What Are Textile Microplastics?
When you wash a polyester t-shirt, a virgin nylon swimsuit or an acrylic sweatshirt, the fabric releases thousands of synthetic microfibres — plastic fragments less than 5mm that water treatment plants don't retain and end up in the sea.
A single wash cycle can release between 100,000 and 700,000 microfibres according to studies from Plymouth University. Multiplied by every washing machine in the world, the result is devastating.
The Impact on the Mediterranean
- Ingested by plankton, fish and molluscs
- Enter the food chain — and end up on our plates
- Absorb chemical pollutants and concentrate them
- Persist in the ecosystem for centuries
On the beaches of Cap de Creus and the Costa Brava, microplastic levels far above the European average have been detected.
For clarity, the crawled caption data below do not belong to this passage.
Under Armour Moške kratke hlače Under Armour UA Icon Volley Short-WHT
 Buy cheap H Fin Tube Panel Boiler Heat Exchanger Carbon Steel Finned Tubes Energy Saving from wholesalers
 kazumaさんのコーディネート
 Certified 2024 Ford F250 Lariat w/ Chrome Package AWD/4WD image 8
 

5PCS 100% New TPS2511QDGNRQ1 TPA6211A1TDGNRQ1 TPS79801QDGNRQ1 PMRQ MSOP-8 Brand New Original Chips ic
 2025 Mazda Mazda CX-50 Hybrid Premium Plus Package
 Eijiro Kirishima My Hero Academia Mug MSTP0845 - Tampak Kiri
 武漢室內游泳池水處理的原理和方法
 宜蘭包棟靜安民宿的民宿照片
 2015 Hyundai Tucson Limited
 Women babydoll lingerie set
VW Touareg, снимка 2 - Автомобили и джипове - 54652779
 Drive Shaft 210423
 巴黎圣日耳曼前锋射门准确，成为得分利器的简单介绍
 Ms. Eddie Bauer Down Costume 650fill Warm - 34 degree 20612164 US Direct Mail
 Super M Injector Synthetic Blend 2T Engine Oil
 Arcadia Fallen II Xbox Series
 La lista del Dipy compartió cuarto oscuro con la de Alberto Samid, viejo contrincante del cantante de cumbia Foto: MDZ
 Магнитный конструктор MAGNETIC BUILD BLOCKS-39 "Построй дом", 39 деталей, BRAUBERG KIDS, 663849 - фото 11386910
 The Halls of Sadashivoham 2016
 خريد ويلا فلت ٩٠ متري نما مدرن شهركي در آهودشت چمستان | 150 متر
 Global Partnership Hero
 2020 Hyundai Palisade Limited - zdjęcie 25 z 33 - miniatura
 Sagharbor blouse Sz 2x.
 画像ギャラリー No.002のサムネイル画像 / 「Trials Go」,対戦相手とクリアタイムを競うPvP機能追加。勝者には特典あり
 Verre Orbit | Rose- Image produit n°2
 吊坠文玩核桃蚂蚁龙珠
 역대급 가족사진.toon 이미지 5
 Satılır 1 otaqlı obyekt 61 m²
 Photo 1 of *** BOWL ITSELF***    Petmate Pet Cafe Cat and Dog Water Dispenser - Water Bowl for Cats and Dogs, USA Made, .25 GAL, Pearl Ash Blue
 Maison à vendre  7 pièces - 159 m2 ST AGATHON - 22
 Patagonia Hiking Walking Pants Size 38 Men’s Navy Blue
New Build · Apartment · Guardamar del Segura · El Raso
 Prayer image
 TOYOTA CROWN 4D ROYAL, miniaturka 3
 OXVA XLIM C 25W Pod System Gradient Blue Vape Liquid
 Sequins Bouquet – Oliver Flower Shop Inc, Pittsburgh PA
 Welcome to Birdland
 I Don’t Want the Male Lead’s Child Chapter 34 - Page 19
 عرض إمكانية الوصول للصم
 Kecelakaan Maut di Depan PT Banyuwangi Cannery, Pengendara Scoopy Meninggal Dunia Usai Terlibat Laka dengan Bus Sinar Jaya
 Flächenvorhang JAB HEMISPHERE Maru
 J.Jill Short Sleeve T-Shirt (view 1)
Summer tourism — and the clothes it brings — is part of the problem.
The Textile Industry: The Culprit Nobody Points At
Fast fashion is the second most polluting industry in the world. Synthetic fabrics — nylon, polyester, acrylic — don't biodegrade. The logic of fast fashion multiplies the wash cycle and, with it, microfibre emissions.
What We Can Do
- Choose natural fibres — organic cotton, linen, wool. They don't release plastic microfibres.
- Buy less, choose durable pieces — fewer washes, fewer fibres in the sea.
- Use anti-microfibre wash bags — like Guppyfriend, which retain up to 86% of fibres.
- If you use synthetics, choose recycled — recycled polyester doesn't eliminate the washing problem, but avoids extracting new oil.
What We Do at OKTOP
In Cadaqués we see the direct impact on the sea on our doorstep. That's why our sweatshirts and t-shirts are made from GOTS-certified organic cotton — no synthetic microfibres. And for the swimwear, where synthetic is technically necessary, we use 100% recycled materials: pre-consumer recycled polyamide on the outside.
It's not a perfect solution. But it's the most responsible choice we can make today.